Companies Bet on Metallergical as Coal’s Future

Coal traffic may be down, but it’s not out. In recent months high natural gas prices have led some utilities to increase their use of coal to generate electricity.

But when coal company executives look to future they see metallurgical coal as their future.

Used in the steelmaking process, metallurgical coal is higher priced than the thermal coal used to generate electricity.

Steel demand can be cyclical but railroads and coal companies see metallurgical coal as a reliable customer base.
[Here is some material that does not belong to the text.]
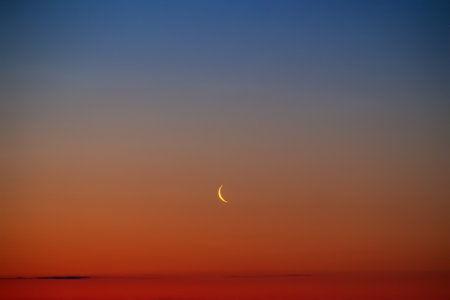 Sunset or sunrise with clouds. Red sunset and moon. beautiful sky. Prayer time. Generous Ramadan. Mubarak background.の写真素材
A report posted on the website of Trains magazine cited a $400 million investment that Arch Coal is making in a loadout at its new Leer South longwall mine in Barbour, West Virginia, as an example of the direction that coal traffic is moving.
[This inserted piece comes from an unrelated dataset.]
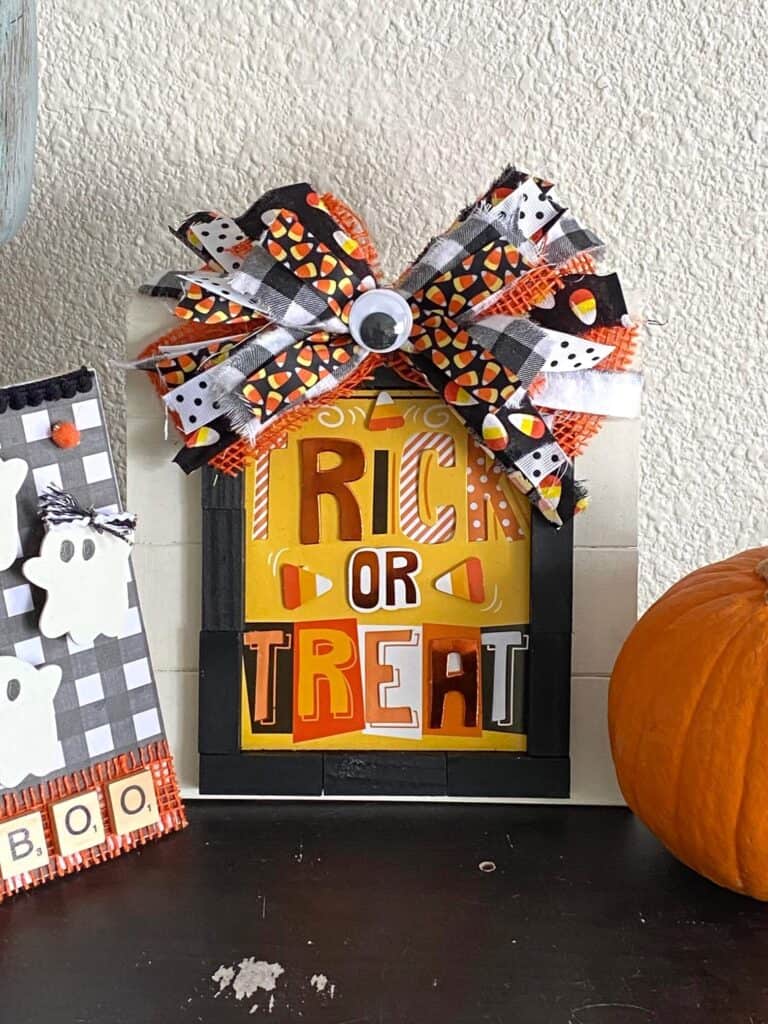 DIY Dollar Tree Trick or Treat Frame made with a Halloween card and a huge messy bow with candy corn, orange, black, and a jumbo googly eye in the center.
The loadout is located on a short line, the Appalachian & Ohio, which connects with CSX at Grafton, West Virginia.

The facility is expected to reach full production in early 2022. Arch is projecting shipping 4 million tons of coal a year, or 36,350 carloads making up 300 unit trains of 110 cars annually.

CONSOL Energy is investing $90 million in its Itmann mine in southern West Virginia, which will be capable of producing 900,000 tons of metallurgical coal and up to 1 million additional tons of third-party coal.
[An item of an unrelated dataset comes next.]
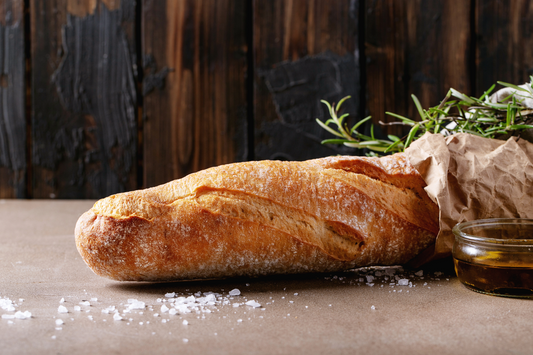 Loaf of bread on a wooden surface with rosemary and oil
The Itmann complex is located on the former Virginian Railway – how operated by Norfolk Southern – near Mullens, West Virginia.

Coal mined there will be shipped to domestic steel mills and for export through the NS Lamberts Point Coal Terminal in Norfolk, Virginia.

Export coal is also seen by railroads and coal companies as a viable long-term enterprise.

Aside from Norfolk, some export coal moves on NS and CSX through the port of Mobile, Alabama. Both carriers also route export coal through Baltimore.

China leads the list of customers buying U.S. coal, having bought 2.3 million tons of metallurgical coal in the first quarter of this year.

Other big buyers have been Brazil, The Netherlands, Japan, India, and the Ukraine.